Packaging and labelling
Legal requirements that you have to follow as a food business.
Legal Requirements for providing food information to consumers
Other than in Northern Ireland (NI), any references to European Union (EU) Regulations in this guidance should be read as meaning retained EU law. You can access retained EU law via the HM Government EU Exit web archive. This should be read alongside the relevant EU Exit legislation that was made to ensure retained EU law operates correctly in a United Kingdom (UK) context. EU Exit legislation can be accessed on legislation.gov.uk. In NI, EU food law will continue to apply, as listed in the Northern Ireland Protocol. Retained EU law will not apply in these circumstances.
This page highlights the requirements of Regulation No. 1169/2011, the Food Information to Consumers (FIC) Regulation, and associated legal standards for labelling and composition of food products such as bottled water, milk, fish and meat.

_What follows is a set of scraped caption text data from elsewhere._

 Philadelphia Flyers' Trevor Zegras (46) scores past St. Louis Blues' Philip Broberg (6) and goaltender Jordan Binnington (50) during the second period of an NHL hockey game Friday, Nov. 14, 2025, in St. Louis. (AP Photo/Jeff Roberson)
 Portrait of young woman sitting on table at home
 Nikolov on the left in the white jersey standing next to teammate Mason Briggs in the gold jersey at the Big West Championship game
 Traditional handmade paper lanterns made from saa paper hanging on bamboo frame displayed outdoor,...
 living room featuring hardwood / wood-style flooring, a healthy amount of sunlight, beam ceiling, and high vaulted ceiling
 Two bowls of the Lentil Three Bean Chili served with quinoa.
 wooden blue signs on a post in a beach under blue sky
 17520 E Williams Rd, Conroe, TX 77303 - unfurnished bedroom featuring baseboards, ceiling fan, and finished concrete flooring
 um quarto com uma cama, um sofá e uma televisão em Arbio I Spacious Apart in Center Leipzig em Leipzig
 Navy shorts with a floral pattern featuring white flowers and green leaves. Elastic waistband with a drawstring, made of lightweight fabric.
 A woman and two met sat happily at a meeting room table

The Food Information to Consumers (FIC) Regulation 1169/2011 on the provision of food information to consumers brings together EU rules on general food labelling and nutrition labelling into one piece of legislation.
The retained version of Regulation 1169/2011 on the provision of food information to consumers applies to food businesses in Great Britain (GB). Whereas, EU food law, including Regulation (EU) No 1169/2011 on the provision of food information to consumers, applies in NI.
Labelling of prepacked food
All prepacked food requires a food label that displays certain mandatory information. All food is subject to general food labelling requirements and any labelling provided must be accurate and not misleading.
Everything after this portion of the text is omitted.